#### Supplied data

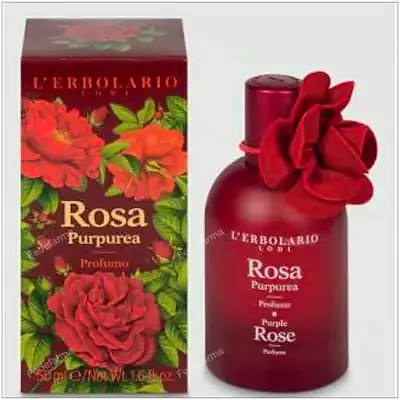 Rosa purpurea perfume 50 ml, L'Erbolario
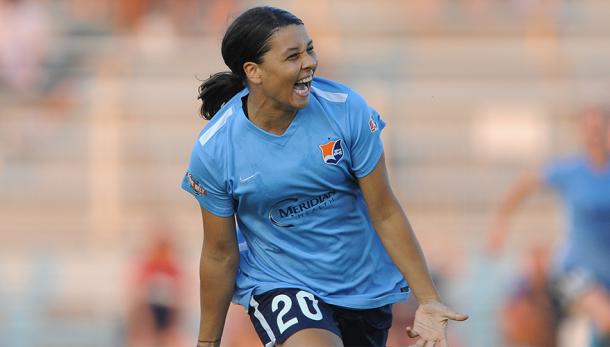 Sam Kerr is the name everyone will be looking for this weekend | Source: Once a Metro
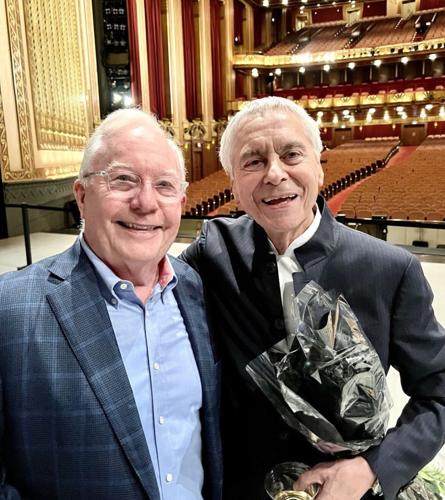 Ken Norgan with choreographer John Neumeier.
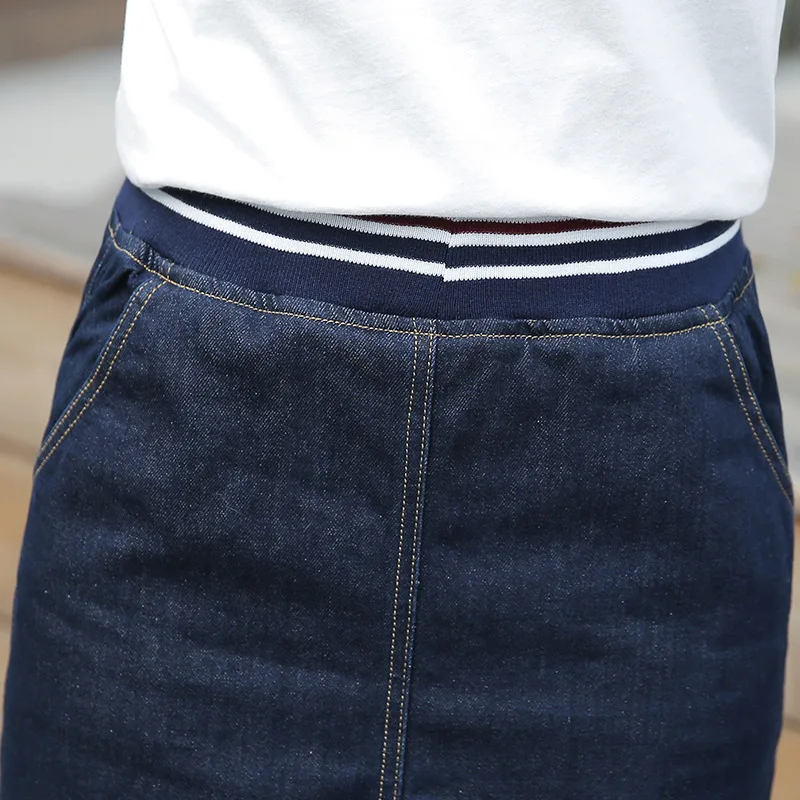 Женские облегающие джинсы MIDI синие карандаш для офиса на лето 2019|denim skirt|jeans skirtmidi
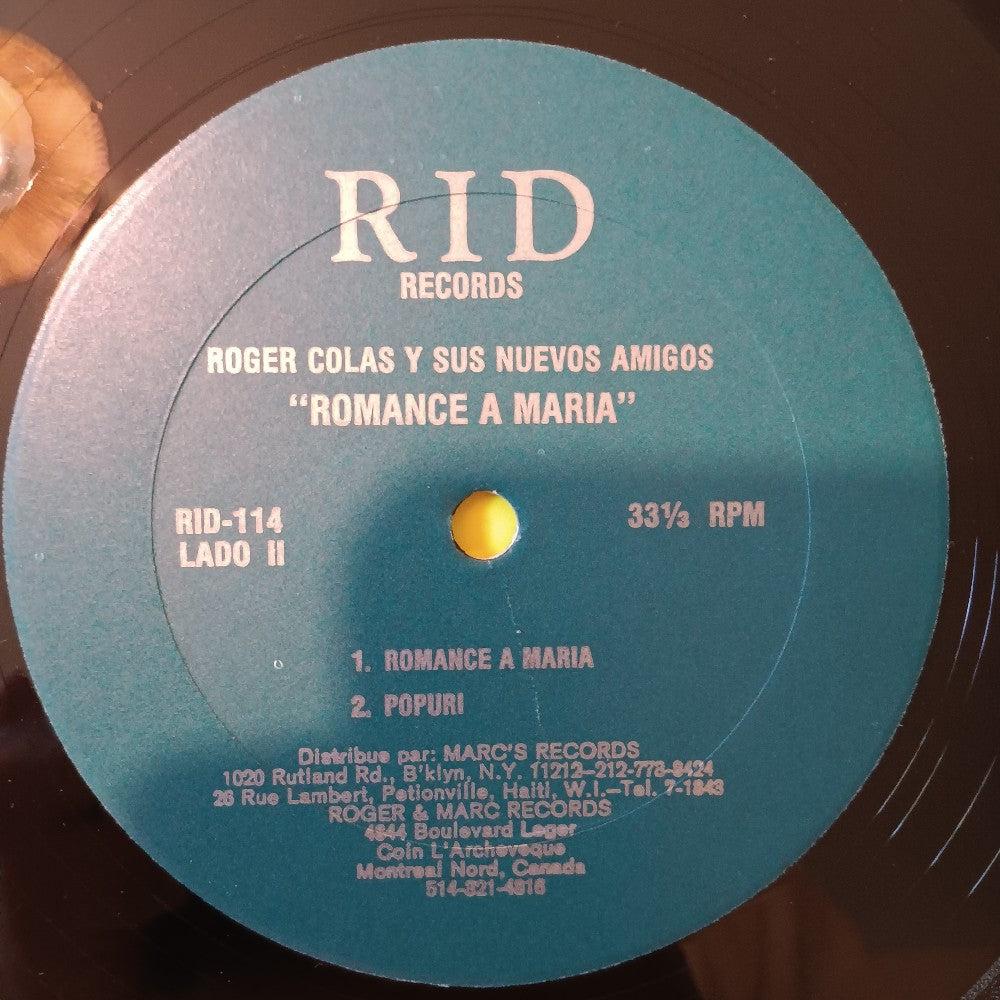 Roger Colas - Romance A Maria HAITI - 1979 - RID-114 - Used - VG++ - Vinyl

#### What the task asks
Take the line with "Женские облегающие джинсы" as the first line and the last line of the records above as the final one; reproduce exactly the lines between them, both included, without pictures.

#### Finished exercise
 Женские облегающие джинсы MIDI синие карандаш для офиса на лето 2019|denim skirt|jeans skirtmidi
 Roger Colas - Romance A Maria HAITI - 1979 - RID-114 - Used - VG++ - Vinyl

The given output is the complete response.